EXERCISE: Some lines in the records below may hold the word "with"; give the number of those lines and nothing else.

DATA IN THIS EXERCISE:
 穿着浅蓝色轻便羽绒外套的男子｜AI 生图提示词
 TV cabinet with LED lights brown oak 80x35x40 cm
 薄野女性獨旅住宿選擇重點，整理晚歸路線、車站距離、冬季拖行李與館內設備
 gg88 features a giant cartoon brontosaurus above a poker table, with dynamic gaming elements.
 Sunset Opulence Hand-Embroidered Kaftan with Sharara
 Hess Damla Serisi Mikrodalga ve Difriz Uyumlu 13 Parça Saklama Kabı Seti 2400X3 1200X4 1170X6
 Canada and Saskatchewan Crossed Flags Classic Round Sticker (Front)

--

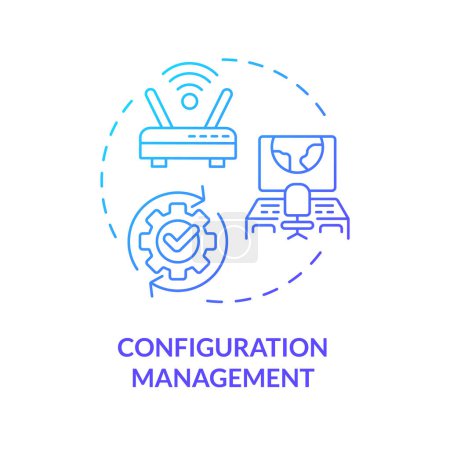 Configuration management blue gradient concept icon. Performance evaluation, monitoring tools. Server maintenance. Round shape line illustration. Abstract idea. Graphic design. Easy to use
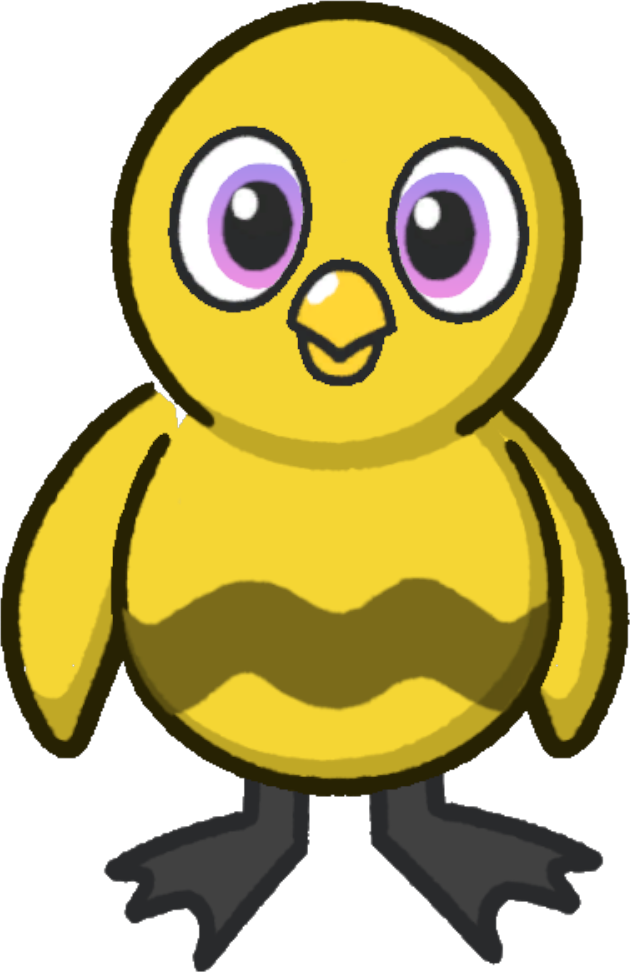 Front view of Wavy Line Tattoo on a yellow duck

EXPECTED ANSWER: 3